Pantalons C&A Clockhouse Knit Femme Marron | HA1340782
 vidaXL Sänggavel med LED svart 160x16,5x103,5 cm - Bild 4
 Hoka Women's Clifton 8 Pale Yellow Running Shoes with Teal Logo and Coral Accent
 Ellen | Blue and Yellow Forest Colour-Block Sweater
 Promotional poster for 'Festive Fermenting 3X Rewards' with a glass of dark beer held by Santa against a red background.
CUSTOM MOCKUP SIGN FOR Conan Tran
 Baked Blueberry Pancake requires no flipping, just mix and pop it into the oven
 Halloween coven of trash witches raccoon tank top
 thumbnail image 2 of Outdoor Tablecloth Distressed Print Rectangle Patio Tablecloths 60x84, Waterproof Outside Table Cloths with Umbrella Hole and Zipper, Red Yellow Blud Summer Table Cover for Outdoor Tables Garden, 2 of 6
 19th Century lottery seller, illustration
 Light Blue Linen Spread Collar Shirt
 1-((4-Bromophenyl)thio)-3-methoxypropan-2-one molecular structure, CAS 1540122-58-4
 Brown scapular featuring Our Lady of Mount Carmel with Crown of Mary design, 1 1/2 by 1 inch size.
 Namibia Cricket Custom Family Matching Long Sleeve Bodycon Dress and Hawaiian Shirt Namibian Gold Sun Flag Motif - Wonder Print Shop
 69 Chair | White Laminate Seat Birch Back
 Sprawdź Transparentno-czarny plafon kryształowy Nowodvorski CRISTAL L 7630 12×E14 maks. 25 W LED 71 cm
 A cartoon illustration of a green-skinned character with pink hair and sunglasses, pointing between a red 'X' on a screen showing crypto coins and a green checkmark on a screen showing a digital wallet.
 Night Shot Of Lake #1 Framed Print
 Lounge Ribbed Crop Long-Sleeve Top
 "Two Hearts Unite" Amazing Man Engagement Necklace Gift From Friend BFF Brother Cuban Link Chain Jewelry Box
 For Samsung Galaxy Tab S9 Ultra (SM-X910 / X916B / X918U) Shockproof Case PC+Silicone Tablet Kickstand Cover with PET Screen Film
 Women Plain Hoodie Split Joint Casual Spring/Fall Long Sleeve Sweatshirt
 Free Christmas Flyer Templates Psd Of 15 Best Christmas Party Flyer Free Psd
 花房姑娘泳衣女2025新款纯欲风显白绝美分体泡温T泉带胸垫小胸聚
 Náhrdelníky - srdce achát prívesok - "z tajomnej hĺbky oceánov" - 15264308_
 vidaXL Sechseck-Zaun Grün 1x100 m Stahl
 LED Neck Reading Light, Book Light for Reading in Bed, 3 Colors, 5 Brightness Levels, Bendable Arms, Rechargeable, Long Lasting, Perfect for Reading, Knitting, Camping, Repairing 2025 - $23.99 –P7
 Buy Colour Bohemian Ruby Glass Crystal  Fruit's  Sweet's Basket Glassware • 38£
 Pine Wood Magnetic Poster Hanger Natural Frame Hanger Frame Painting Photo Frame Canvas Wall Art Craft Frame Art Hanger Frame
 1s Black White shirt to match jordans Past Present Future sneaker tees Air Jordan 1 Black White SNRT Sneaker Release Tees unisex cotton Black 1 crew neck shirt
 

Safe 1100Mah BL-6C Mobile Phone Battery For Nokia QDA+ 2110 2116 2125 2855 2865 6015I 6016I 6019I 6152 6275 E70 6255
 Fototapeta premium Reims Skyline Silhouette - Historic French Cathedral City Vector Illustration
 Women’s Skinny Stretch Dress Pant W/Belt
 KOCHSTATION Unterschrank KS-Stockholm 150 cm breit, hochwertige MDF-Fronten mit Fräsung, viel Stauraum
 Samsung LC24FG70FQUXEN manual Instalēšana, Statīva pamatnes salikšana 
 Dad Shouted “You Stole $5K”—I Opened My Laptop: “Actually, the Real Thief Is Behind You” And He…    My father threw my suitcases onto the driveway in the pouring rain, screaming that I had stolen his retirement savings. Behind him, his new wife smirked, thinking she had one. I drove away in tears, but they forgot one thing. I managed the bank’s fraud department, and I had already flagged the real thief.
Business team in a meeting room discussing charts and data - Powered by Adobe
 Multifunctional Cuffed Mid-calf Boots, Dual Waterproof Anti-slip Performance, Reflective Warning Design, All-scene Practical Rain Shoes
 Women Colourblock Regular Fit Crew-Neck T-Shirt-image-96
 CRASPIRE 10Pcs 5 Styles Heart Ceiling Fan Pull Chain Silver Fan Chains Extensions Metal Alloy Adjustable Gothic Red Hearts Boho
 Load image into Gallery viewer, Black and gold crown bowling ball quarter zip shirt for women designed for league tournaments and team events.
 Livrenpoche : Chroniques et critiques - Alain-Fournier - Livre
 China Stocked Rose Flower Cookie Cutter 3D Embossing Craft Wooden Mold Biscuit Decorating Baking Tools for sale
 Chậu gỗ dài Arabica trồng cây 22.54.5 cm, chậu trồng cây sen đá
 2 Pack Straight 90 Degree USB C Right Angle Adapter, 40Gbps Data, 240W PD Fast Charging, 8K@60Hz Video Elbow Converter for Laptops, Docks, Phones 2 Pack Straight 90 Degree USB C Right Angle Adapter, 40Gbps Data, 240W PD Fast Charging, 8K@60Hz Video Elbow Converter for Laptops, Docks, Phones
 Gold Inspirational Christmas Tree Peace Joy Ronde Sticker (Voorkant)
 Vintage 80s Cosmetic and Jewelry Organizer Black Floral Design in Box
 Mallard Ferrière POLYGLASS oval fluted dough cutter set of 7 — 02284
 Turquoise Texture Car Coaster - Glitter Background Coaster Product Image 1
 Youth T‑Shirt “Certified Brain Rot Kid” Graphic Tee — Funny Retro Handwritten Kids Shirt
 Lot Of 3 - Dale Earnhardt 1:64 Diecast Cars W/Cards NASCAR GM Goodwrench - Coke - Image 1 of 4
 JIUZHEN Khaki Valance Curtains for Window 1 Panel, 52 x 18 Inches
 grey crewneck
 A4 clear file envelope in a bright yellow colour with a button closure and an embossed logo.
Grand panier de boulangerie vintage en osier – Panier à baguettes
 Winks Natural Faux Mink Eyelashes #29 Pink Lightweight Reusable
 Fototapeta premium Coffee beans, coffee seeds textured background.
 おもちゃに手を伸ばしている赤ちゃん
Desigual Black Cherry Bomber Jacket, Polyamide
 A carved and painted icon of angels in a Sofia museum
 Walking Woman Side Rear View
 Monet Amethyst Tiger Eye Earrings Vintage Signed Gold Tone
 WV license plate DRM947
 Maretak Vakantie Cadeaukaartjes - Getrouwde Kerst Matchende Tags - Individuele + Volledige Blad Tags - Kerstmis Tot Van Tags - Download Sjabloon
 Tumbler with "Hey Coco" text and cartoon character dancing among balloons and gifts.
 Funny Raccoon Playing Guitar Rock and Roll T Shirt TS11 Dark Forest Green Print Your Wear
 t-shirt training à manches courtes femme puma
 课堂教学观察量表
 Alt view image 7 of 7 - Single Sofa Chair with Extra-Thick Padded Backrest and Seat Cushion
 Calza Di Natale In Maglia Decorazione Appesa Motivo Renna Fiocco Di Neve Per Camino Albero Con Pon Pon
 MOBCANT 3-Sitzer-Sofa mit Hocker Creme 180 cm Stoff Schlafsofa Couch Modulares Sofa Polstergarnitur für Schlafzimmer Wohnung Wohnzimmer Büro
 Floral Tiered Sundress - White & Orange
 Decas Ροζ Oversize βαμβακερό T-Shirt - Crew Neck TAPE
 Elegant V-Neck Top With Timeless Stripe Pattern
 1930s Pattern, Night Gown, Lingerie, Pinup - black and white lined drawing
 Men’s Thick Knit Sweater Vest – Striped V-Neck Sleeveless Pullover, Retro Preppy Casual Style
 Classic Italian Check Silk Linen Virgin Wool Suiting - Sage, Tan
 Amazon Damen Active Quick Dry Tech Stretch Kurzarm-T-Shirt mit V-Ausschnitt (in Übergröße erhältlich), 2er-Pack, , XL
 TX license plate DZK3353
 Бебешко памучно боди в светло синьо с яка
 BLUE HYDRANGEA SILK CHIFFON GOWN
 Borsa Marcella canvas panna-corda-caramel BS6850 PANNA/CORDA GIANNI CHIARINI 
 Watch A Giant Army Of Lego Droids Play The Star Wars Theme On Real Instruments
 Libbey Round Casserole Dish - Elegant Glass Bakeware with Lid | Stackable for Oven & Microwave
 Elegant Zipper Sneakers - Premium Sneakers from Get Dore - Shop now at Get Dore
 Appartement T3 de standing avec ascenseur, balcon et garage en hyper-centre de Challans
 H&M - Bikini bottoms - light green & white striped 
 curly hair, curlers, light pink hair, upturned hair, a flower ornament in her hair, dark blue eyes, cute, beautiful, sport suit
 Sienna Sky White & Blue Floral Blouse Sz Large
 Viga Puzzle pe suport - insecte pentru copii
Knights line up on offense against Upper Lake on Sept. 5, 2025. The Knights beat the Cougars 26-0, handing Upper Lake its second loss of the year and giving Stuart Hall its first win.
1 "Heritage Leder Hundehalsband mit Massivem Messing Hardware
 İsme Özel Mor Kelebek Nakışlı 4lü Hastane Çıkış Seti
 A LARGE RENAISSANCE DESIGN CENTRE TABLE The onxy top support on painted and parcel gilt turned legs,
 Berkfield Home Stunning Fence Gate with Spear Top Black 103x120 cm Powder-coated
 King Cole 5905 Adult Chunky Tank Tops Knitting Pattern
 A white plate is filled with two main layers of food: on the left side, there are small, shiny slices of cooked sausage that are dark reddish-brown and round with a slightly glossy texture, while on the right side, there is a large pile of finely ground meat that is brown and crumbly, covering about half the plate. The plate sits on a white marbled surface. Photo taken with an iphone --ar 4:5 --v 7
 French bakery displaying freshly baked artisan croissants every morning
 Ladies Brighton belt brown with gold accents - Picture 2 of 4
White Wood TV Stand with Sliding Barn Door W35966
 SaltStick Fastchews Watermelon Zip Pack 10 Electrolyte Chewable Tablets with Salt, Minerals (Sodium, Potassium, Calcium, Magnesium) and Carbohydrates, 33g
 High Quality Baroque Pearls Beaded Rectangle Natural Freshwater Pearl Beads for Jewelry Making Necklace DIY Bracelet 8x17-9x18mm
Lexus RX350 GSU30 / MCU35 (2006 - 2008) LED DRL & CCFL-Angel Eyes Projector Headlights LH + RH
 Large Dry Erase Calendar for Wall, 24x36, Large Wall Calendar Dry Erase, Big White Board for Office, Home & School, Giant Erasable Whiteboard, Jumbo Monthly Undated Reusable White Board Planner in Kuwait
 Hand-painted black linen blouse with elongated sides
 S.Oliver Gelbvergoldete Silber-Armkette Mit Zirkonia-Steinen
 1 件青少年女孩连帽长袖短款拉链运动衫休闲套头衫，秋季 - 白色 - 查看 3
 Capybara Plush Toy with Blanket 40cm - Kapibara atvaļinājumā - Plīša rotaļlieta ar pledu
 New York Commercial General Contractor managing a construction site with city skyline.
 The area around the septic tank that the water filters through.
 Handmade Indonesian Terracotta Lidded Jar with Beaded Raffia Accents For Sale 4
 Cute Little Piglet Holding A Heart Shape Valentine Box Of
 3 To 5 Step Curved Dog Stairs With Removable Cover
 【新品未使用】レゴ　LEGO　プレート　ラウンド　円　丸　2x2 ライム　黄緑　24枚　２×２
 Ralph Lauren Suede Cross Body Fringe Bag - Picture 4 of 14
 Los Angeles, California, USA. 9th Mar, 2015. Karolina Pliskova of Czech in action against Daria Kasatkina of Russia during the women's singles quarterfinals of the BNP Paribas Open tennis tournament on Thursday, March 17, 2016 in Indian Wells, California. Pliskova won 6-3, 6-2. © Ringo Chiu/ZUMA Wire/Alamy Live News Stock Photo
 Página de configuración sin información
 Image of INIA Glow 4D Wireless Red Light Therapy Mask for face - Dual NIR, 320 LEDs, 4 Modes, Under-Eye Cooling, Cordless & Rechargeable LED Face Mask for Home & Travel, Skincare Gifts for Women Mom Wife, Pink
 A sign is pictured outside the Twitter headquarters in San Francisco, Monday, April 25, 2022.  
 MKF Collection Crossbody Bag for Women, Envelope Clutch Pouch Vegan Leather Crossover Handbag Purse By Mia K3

== The problem ==
From the listing above, the lines starting with the one that has "MOBCANT 3-Sitzer-Sofa mit" and running through the one that has "Elegant V-Neck Top" should be copied exactly, ends included.

== Your response ==
 MOBCANT 3-Sitzer-Sofa mit Hocker Creme 180 cm Stoff Schlafsofa Couch Modulares Sofa Polstergarnitur für Schlafzimmer Wohnung Wohnzimmer Büro
 Floral Tiered Sundress - White & Orange
 Decas Ροζ Oversize βαμβακερό T-Shirt - Crew Neck TAPE
 Elegant V-Neck Top With Timeless Stripe Pattern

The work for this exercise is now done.